What Are The Symptoms?
Schistosomiasis is mainly a chronic infectious disease. Many infections do not produce symptoms. However, acute schistosomiasis may include the following symptoms: diarrhoea, fever, fatigue, abdominal pain, blood in the stool, eosinophilia (increased white blood cell count), hepatosplenomegaly (enlargement of the liver or spleen).
Late complications of schistosomiasis from chronic infection can include:
- _S. haematobium _can cause urinary symptoms such as dysuria (painful urination), hematuria (blood in the urine), and frequent urination.
- Obstructive uropathy (condition in which the flow of urine is blocked, injuring the kidneys)
- Infertility
- Portal hypertension (high blood pressure in the portal vein in the abdominal cavity)
- Liver fibrosis (formation of excess scar tissue in the liver)
- Colonic polyposis (abnormal growths in the colon)
- Rarely, S. japonicum can cause seizures and lesions in the central nervous system.
- There is an increased risk of bladder cancer associated with urinary schistosomiasis. The larva of some schistosomes may cause a rash sometimes known as “swimmer’s itch”; however, these schistosomes do not cause schistosomiasis as they do not mature within humans.
Preventative Measures
The best way to reduce the risk of contact with schistosomes is to avoid contact with contaminated water through swimming, bathing, wading, or participating in farming activities in areas where schistosomes are common.
Treatment
Schistosomiasis is easily treatable with a single dose of the drug Praziquantrel annually.

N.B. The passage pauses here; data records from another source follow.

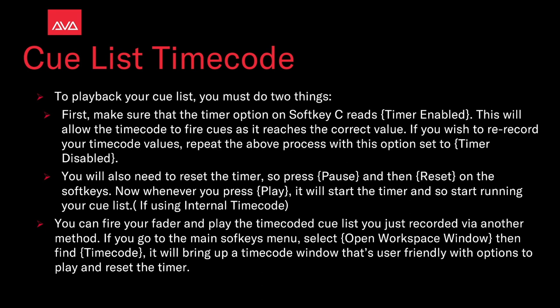You can fire your fader and play the timecoded cue list you just recorded via another method. If you go to the main soft cues menu, select open workspace window, then find timecode and bring up one of the timecode windows that's user friendly with options to play and reset the timer.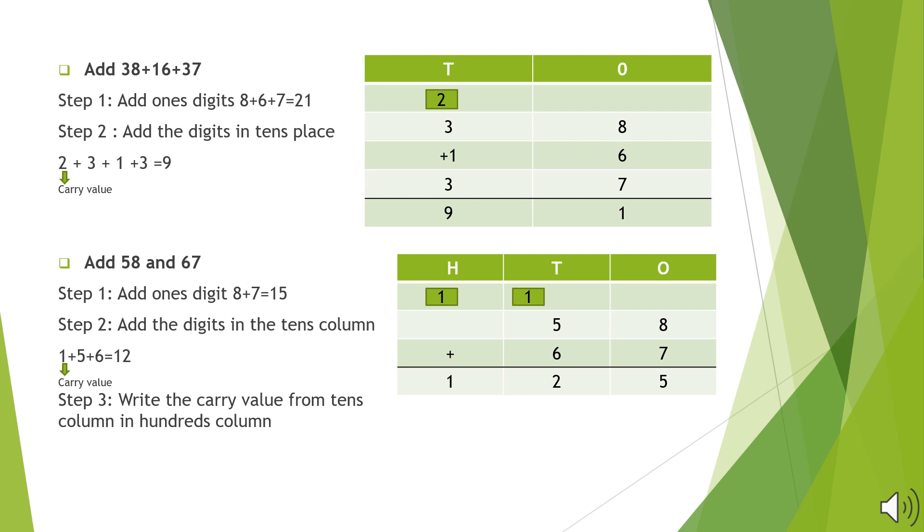Students, sometimes on adding a 2-digit number with 1 or a 2-digit number, we might get a sum which is a 3-digit number. This can be understood by the example given to add 58 and 67. Adding 8 and 7, we will get 15. So we will write 5 in the 1's column and carry over 1 to the 10's column.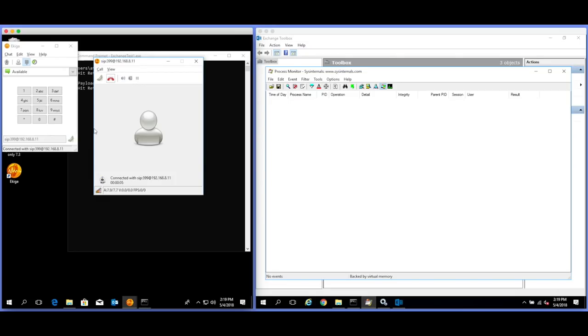To access your mailbox, enter your extension. To contact someone, press the pound key.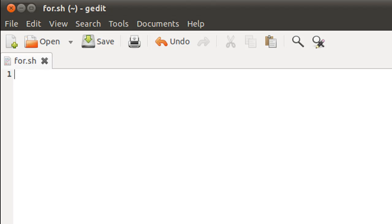So I have my text editor here and I've saved this file in the home folder, given it the name for.sh. I'm not going to put a comment in the script because it doesn't really make sense to just type in 'for loop in action.' I'll just get started.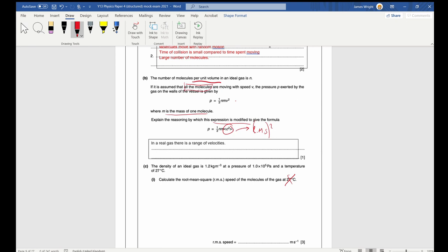We need to get N times m, and the key insight is that N is the number of molecules per unit volume. So N multiplied by m — mass of a single particle times number per unit volume — gives mass per unit volume, which is density rho. So we replace Nm with rho.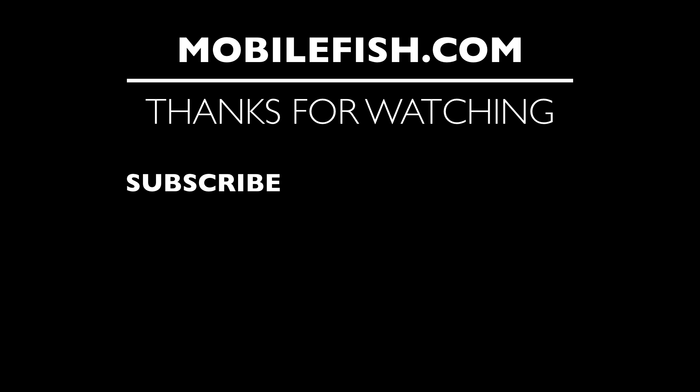Thanks for watching. I hope you enjoyed the video. Please hit the like button and don't forget to subscribe. If you have questions, leave your comments below. I'll do my best to answer them.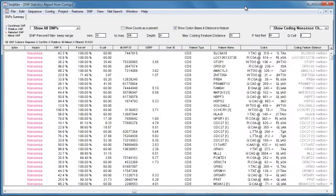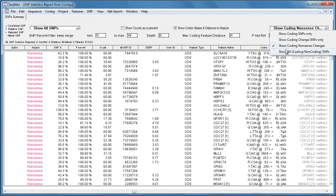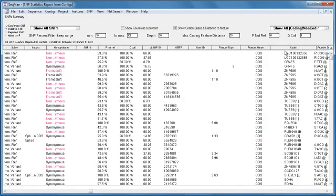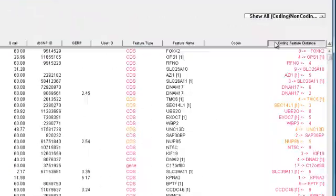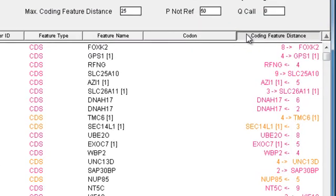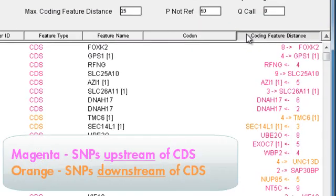I'm going to switch this filter back to showing coding and non-coding SNPs. And then sort on the coding feature distance column to see SNPs that occur upstream or downstream of a coding sequence shown in magenta and orange.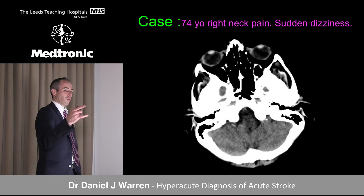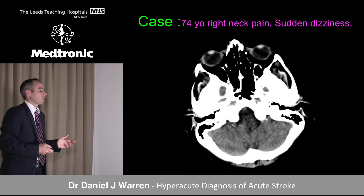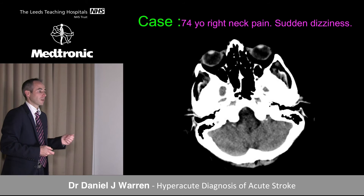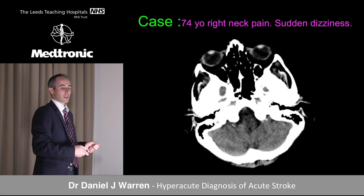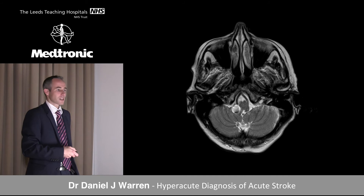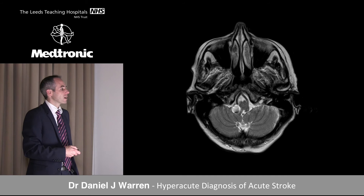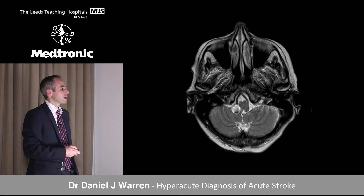Looking for subtle signs — a CSF space coming from the foramen of Luschka is seen on the left but not the right. This could easily be walked past as it looks the same signal intensity as brain parenchyma. On MR it stands out more — it's rounded, associated with a vertebral artery, with a vessel nearby. CT angiography confirms this is a PICA aneurysm.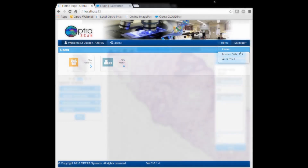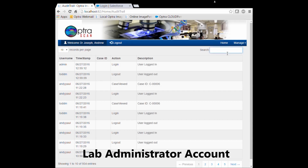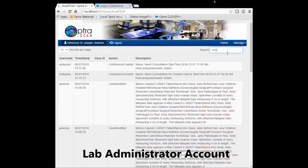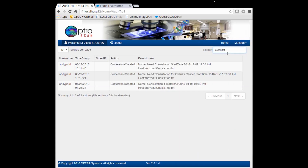Since we are 21 CFR Part 11 compliant, each user action will be time stamped in the audit trail for the lab administrator to access.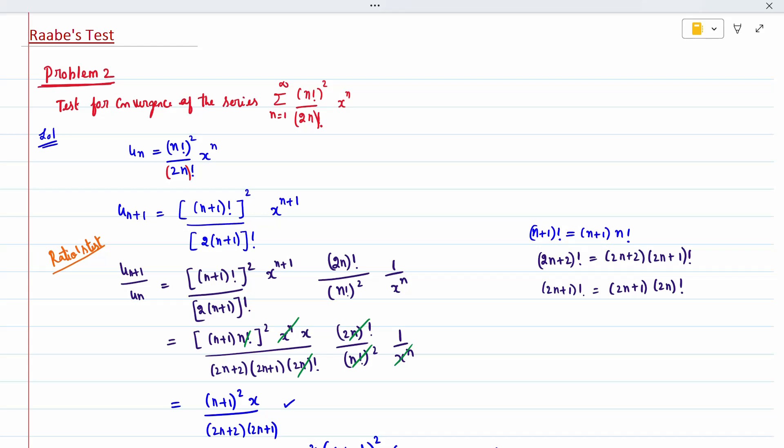Now, n+1 factorial is nothing but n+1 into n factorial — check my previous video playlist on the alpha-beta topic for the formula. Similarly, 2n+2 factorial can be written as 2n+2 into 2n+1, and 2n+1 factorial is nothing but 2n+1 into 2n factorial. Also, x to the power n+1 can be written as x to the power n into x.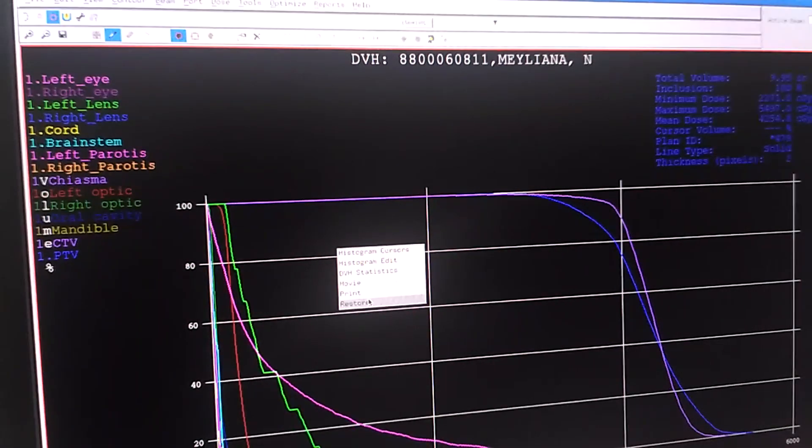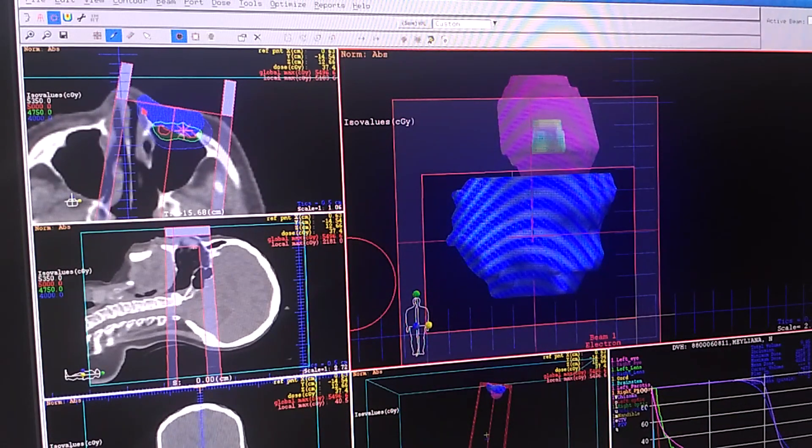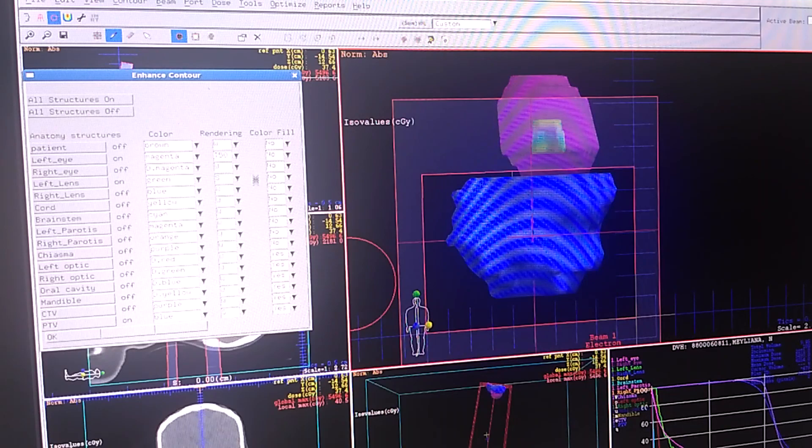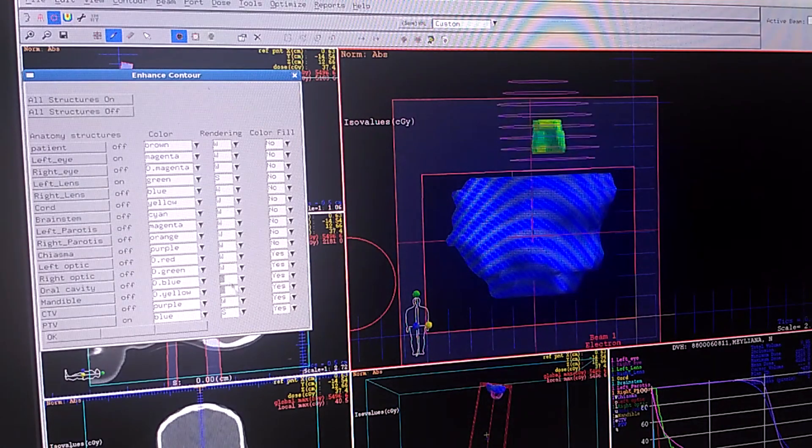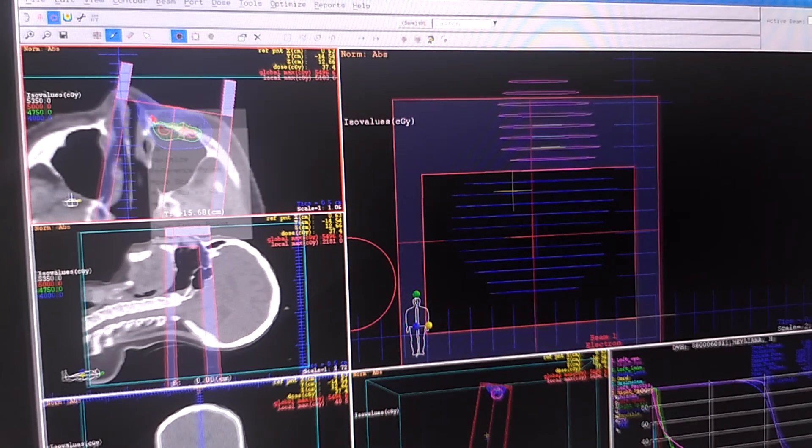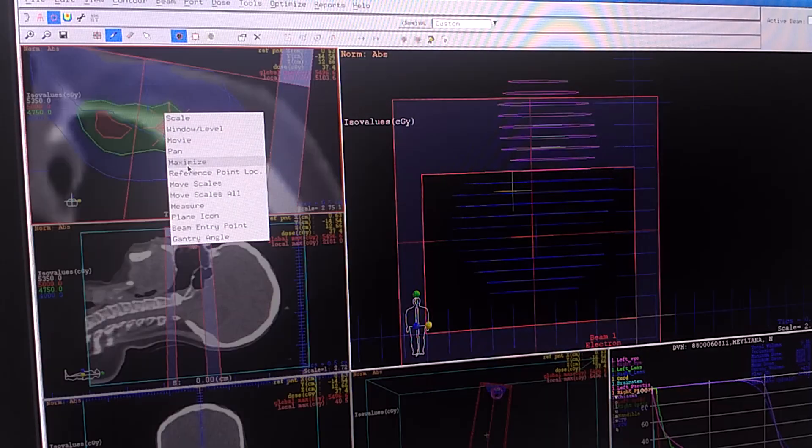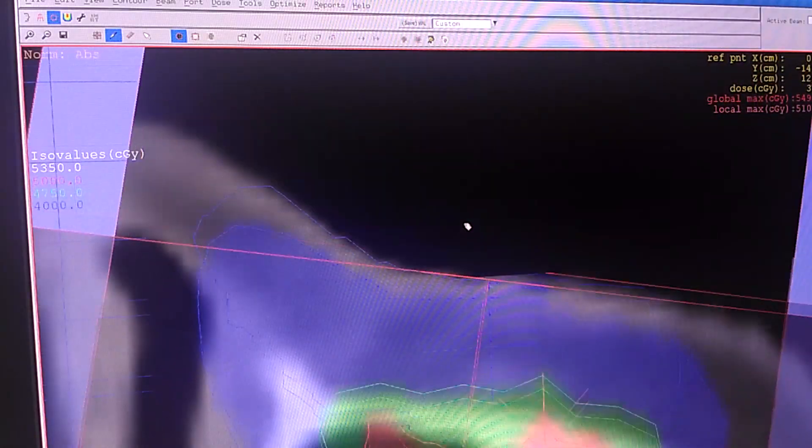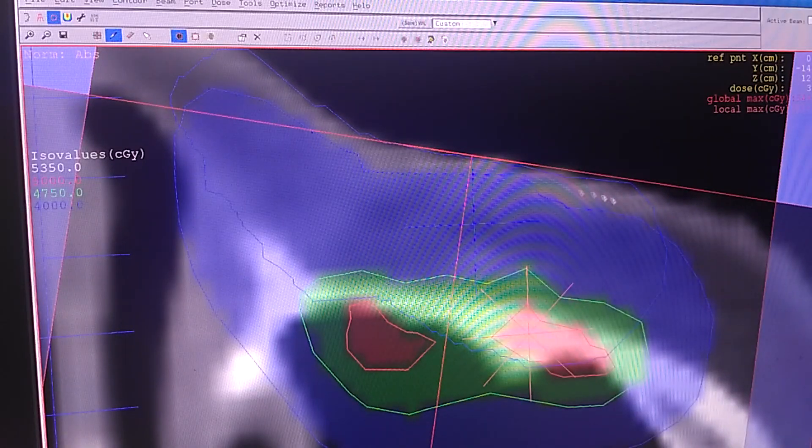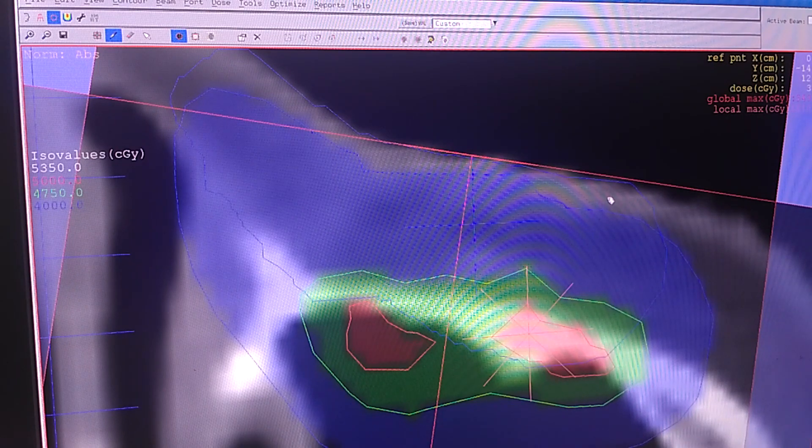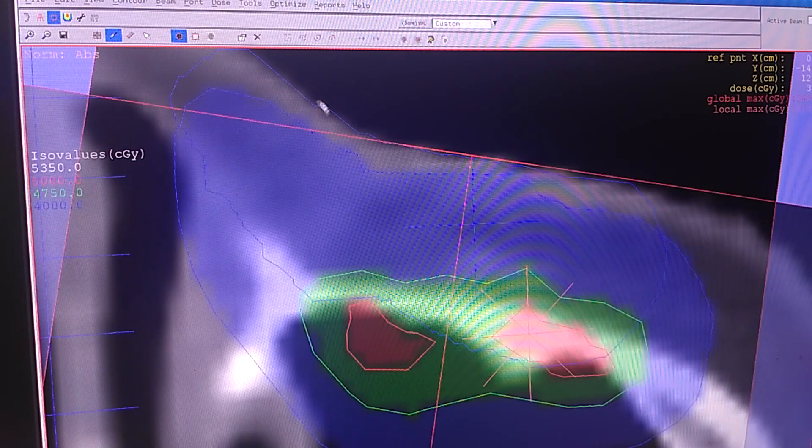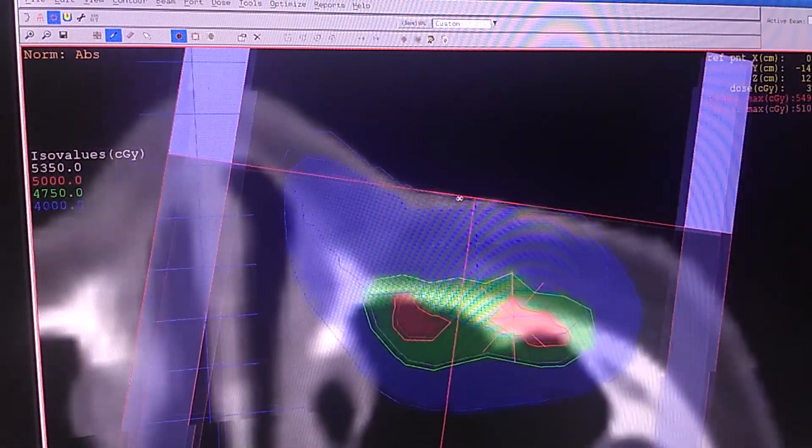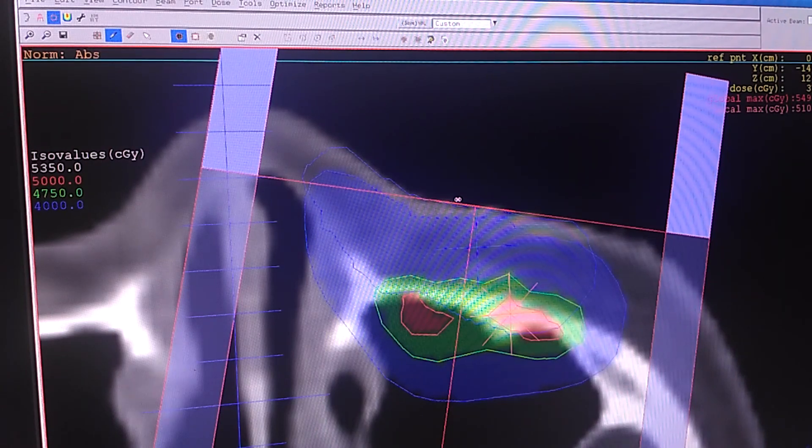The next step we can do to optimize this one is using a bolus. I'm going to change the rendering again. You can see here the dose is not really upper into the skin and then we are going to use bolus to make the dose going upper.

Alternative drugs include oxamniquine to treat S. mansoni, and metrifonate to treat S. haematobium.
Medications
Where Does It Commonly Occur?
Different species of schistosomes are found in different parts of the world:
- S. mansoni is found in Africa, the Eastern Mediterranean, the Caribbean, and South America.
- S. japonicum is found in China, the Philippines and Sulawesi (Celebes) in Indonesia.
- S. haematobium occurs in Africa and the Eastern Mediterranean.
- S. mekongi is found in the Mekong River area of Cambodia and the Lao People’s Democratic Republic.
- S. intercalatum occurs in parts of western Africa, including Cameroon, Chad, the Democratic Republic of Congo, Gabon, and São Tome.
- S. malayensis is only found in peninsular Malaysia.
- Human infection with the bovine parasite, S. mattheei, has been reported from southern Africa.